** Material provided follows **
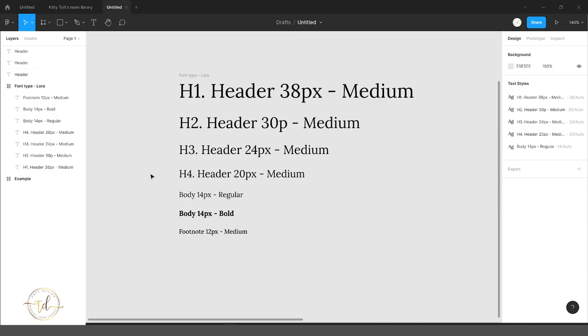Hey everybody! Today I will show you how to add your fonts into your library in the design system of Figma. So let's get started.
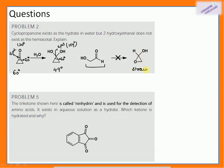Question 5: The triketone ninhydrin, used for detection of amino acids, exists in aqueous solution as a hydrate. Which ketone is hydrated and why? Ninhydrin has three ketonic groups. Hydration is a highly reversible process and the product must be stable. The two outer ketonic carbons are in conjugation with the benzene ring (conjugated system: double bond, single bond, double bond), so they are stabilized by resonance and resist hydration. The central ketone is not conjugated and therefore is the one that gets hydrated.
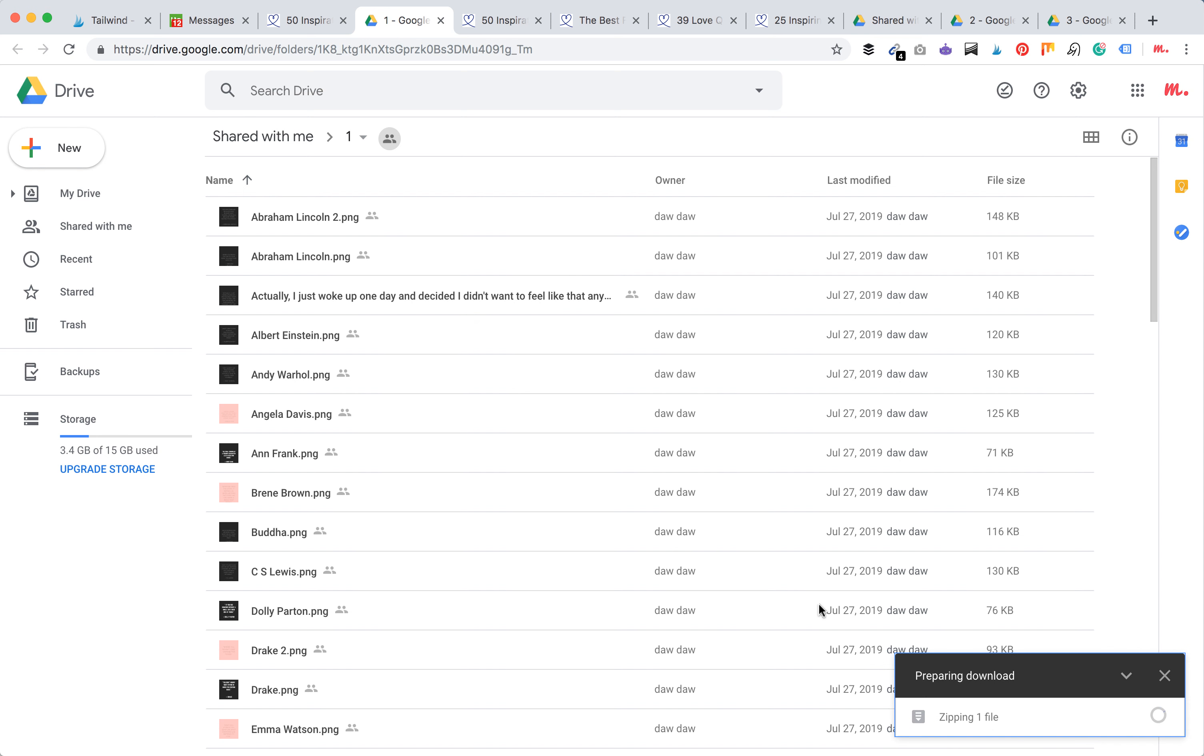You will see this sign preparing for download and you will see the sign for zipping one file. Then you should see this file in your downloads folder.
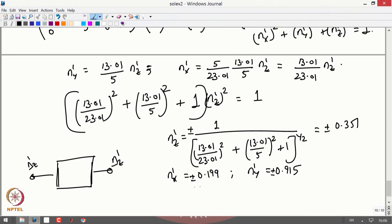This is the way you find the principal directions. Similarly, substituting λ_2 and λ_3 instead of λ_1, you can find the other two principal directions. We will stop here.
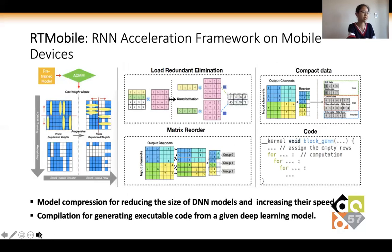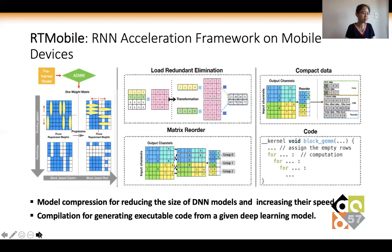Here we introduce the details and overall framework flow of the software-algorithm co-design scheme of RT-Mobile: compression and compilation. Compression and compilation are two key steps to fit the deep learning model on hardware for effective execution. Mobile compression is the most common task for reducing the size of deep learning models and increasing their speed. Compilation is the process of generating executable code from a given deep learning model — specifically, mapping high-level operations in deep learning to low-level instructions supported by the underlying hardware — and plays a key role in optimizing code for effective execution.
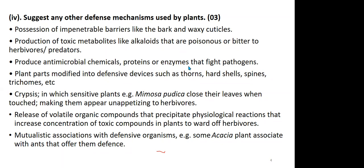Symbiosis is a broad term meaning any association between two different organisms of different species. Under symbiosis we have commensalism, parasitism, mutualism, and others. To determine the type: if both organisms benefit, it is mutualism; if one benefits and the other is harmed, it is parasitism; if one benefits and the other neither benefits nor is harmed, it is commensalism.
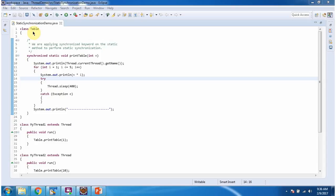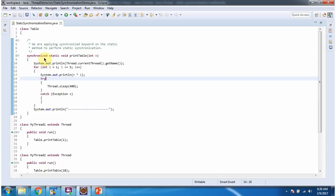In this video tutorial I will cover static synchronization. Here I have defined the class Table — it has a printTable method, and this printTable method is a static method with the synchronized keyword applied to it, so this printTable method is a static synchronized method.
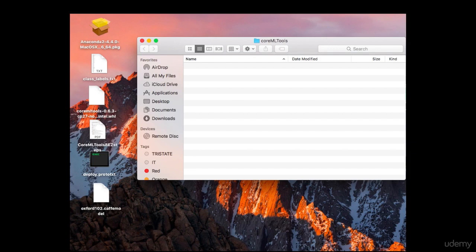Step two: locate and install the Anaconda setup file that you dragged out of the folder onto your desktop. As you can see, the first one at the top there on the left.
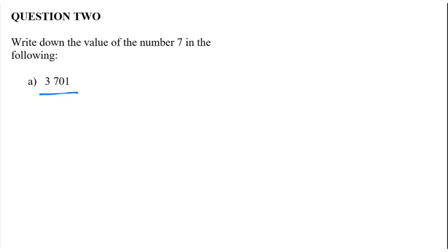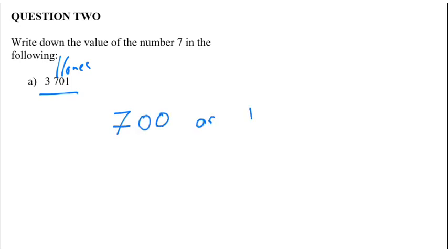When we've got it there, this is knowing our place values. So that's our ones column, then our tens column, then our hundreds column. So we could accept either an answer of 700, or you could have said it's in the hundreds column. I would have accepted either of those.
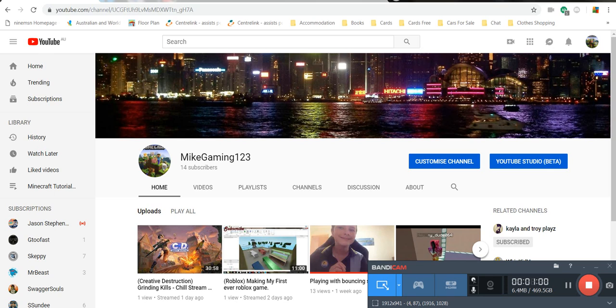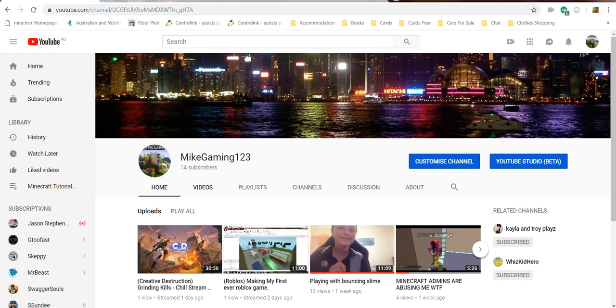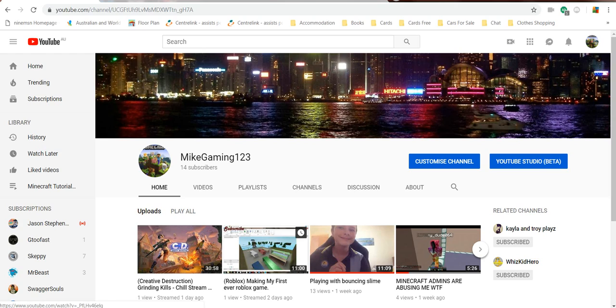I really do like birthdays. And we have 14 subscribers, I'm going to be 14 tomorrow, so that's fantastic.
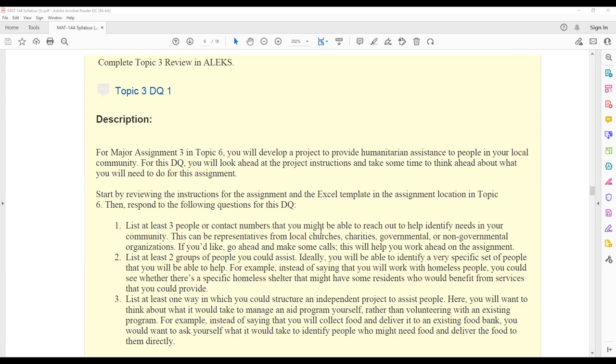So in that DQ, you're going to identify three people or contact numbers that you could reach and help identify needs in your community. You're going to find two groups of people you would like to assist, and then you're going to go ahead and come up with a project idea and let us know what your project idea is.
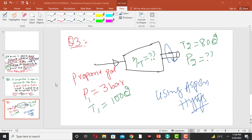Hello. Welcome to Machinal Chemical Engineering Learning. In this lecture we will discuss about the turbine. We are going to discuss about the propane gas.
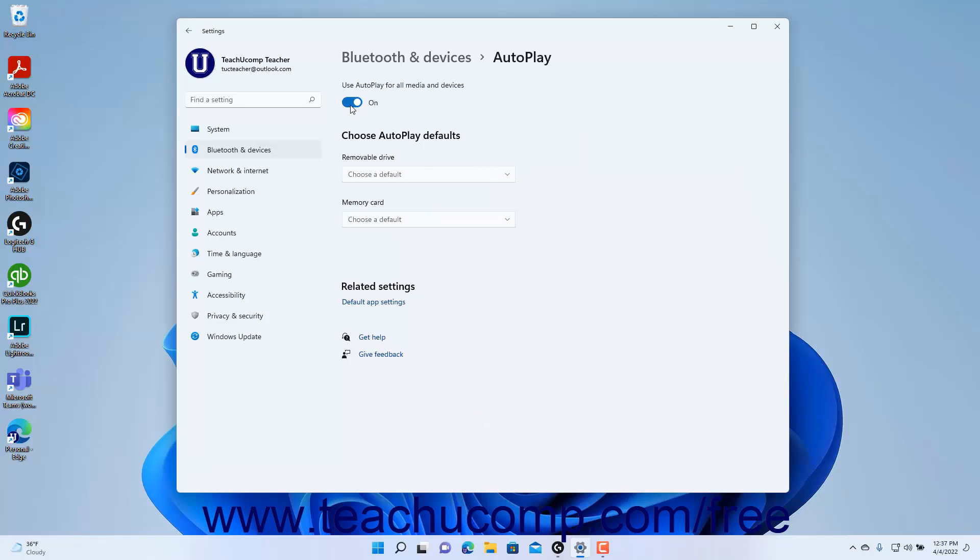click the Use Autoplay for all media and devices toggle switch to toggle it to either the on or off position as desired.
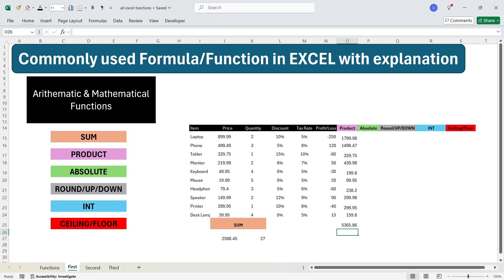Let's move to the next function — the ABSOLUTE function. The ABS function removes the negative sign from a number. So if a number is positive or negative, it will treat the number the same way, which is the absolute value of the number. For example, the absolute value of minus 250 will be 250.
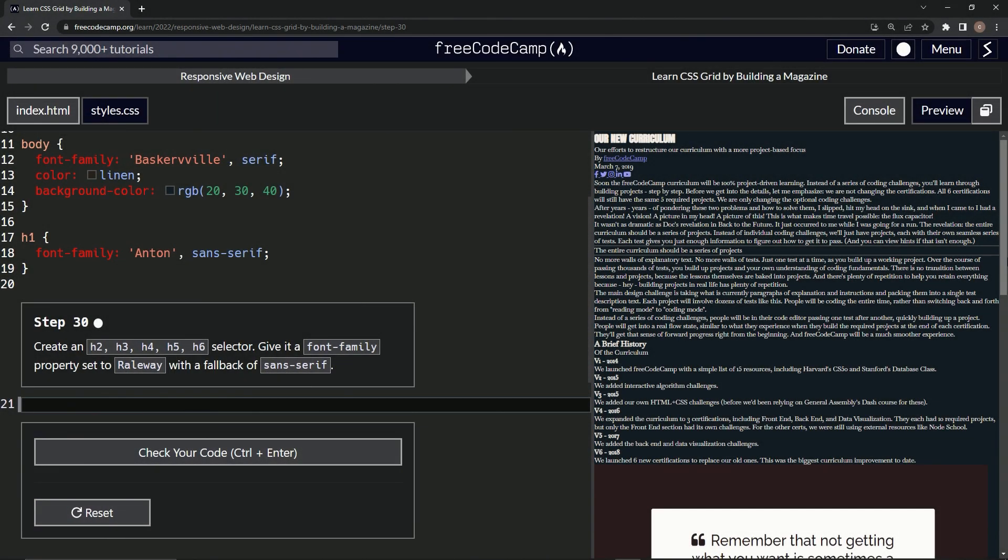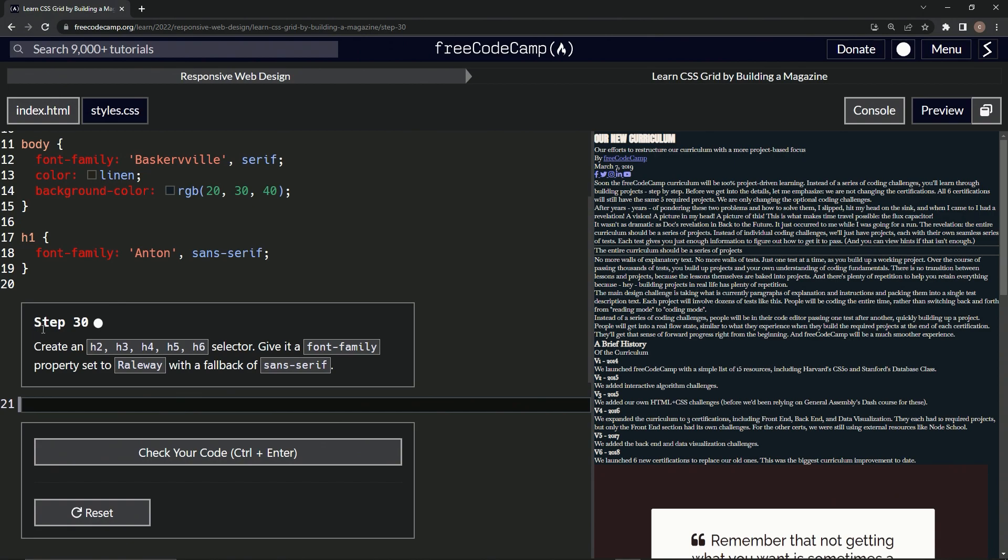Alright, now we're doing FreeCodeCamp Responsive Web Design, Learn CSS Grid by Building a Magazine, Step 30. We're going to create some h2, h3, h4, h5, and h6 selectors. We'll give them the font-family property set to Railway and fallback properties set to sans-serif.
** End of Material provided **
▸ **How to complete this task**: An answer that restates all the entries exactly and drops the images is what is needed.

▸ **Solution to the exercise**:
Hey everybody! Today I will show you how to add your fonts into your library in the design system of Figma. So let's get started.
Question 5: The triketone ninhydrin, used for detection of amino acids, exists in aqueous solution as a hydrate. Which ketone is hydrated and why? Ninhydrin has three ketonic groups. Hydration is a highly reversible process and the product must be stable. The two outer ketonic carbons are in conjugation with the benzene ring (conjugated system: double bond, single bond, double bond), so they are stabilized by resonance and resist hydration. The central ketone is not conjugated and therefore is the one that gets hydrated.
You will see this sign preparing for download and you will see the sign for zipping one file. Then you should see this file in your downloads folder.
This is the way you find the principal directions. Similarly, substituting λ_2 and λ_3 instead of λ_1, you can find the other two principal directions. We will stop here.
Here we introduce the details and overall framework flow of the software-algorithm co-design scheme of RT-Mobile: compression and compilation. Compression and compilation are two key steps to fit the deep learning model on hardware for effective execution. Mobile compression is the most common task for reducing the size of deep learning models and increasing their speed. Compilation is the process of generating executable code from a given deep learning model — specifically, mapping high-level operations in deep learning to low-level instructions supported by the underlying hardware — and plays a key role in optimizing code for effective execution.
Symbiosis is a broad term meaning any association between two different organisms of different species. Under symbiosis we have commensalism, parasitism, mutualism, and others. To determine the type: if both organisms benefit, it is mutualism; if one benefits and the other is harmed, it is parasitism; if one benefits and the other neither benefits nor is harmed, it is commensalism.
In this video tutorial I will cover static synchronization. Here I have defined the class Table — it has a printTable method, and this printTable method is a static method with the synchronized keyword applied to it, so this printTable method is a static synchronized method.
Step two: locate and install the Anaconda setup file that you dragged out of the folder onto your desktop. As you can see, the first one at the top there on the left.
When we've got it there, this is knowing our place values. So that's our ones column, then our tens column, then our hundreds column. So we could accept either an answer of 700, or you could have said it's in the hundreds column. I would have accepted either of those.
I really do like birthdays. And we have 14 subscribers, I'm going to be 14 tomorrow, so that's fantastic.
So in that DQ, you're going to identify three people or contact numbers that you could reach and help identify needs in your community. You're going to find two groups of people you would like to assist, and then you're going to go ahead and come up with a project idea and let us know what your project idea is.
Hello. Welcome to Machinal Chemical Engineering Learning. In this lecture we will discuss about the turbine. We are going to discuss about the propane gas.
click the Use Autoplay for all media and devices toggle switch to toggle it to either the on or off position as desired.
Let's move to the next function — the ABSOLUTE function. The ABS function removes the negative sign from a number. So if a number is positive or negative, it will treat the number the same way, which is the absolute value of the number. For example, the absolute value of minus 250 will be 250.
Alright, now we're doing FreeCodeCamp Responsive Web Design, Learn CSS Grid by Building a Magazine, Step 30. We're going to create some h2, h3, h4, h5, and h6 selectors. We'll give them the font-family property set to Railway and fallback properties set to sans-serif.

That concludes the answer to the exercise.